Member of the Riigikogu
- Incumbent
- Assumed office 10 April 2023

Personal details
- Born: 19 November 1992 (age 33) Valga, Estonia
- Party: Estonian Social Democratic Party (2024–present)
- Other political affiliations: Centre Party (2011–2024)
- Education: Estonian Entrepreneurship University of Applied Sciences
- Occupation: Politician

= Ester Karuse =

Estonian politician (born 1992)

Ester Karuse (born 19 November 1992) is an Estonian politician representing the Estonian Centre Party (Estonian: Eesti Keskerakond, EK). From 13 March 2020 until 26 April 2021, she was the mayor of Valga Parish. Following the 2023 Estonian parliamentary election, she was elected to the Riigikogu.

Ester Karuse was born and raised in Valga, where she attended primary and secondary schools. She is a graduate of the Estonian Entrepreneurship University of Applied Sciences with a degree in business management. Afterward, she worked as a logistician and transport coordinator for her father Allain Karuse's transport business A-Karuse AS. Since 2016, she has been an auxiliary police officer.

Karuse has been a member of the Centre Party since 30 January 2011. In the 2017 local government council election in Valga Parish, she ran on the list of the Centre Party and achieved the 4th best result in the district with 196 votes and was elected as a member of the Valga municipal council with a list mandate. Valid votes were cast by 7,024 persons, and the simple quota or personal mandate was 260 votes. Allain Karuse, Karuse's father, received the best result in the region with 1,089 votes.

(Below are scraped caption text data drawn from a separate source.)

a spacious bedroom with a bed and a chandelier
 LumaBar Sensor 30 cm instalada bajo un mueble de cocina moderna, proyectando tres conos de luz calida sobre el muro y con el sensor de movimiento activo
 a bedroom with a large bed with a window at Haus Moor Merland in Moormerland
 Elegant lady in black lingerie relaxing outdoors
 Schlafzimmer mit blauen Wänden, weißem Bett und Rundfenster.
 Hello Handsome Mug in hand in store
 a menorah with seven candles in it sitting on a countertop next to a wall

In the 2019 Estonian parliamentary election, Karuse campaigned in electoral district no. 11 (Võru, Valga and Põlva counties) and achieved the 5th best result in the district with 1,665 votes, but was not elected. Only Tarmo Tamm (2,824 votes) from the Centre Party received more votes in this district. Valid votes were cast by 43,090 persons, and the simple quota, or individual mandate, was 5,386 votes. Uno Kaskpeit, representing the Conservative People's Party of Estonia (EKRE) received the best result in the district with 3,802 votes.

From September 2019 to 13 March 2020, she was an adviser to the Riigikogu Centre Party faction. On 13 March 2020, she retired the position as the Valga Parish council elected her as Valga Parish mayor.

She campaigned for election in Riigikogu electoral district no. 11 (Võru, Valga and Põlva counties) in the 2023 Estonian parliamentary election and was elected to the XV Riigikogu with 1,677 votes.

On 23 March 2023, Karuse's father, Allain Karuse, was convicted in Tartu County Court of offenses against freedom of election during the 2021 Estonian municipal elections and the illegal handling of liquid fuels for which an aggregate punishment of €12,450 was ordered by the court. Karuse was found guilty of swaying ten persons to vote for either himself or Ester Karuse at the 2021 local government council elections in Valga. In exchange, he promised two persons small amounts of free diesel fuel. One person was offered at least €20 in cash for voting for himself or Ester Karuse. Ester Karuse was not implicated in any wrongdoing.

On 5 January 2024, Karuse and three other members (Tanel Kiik, Jaak Aab and Andre Hanimägi) of the 15th Riigikogu announced their departure from the Centre Party and joined the Estonian Social Democratic Party.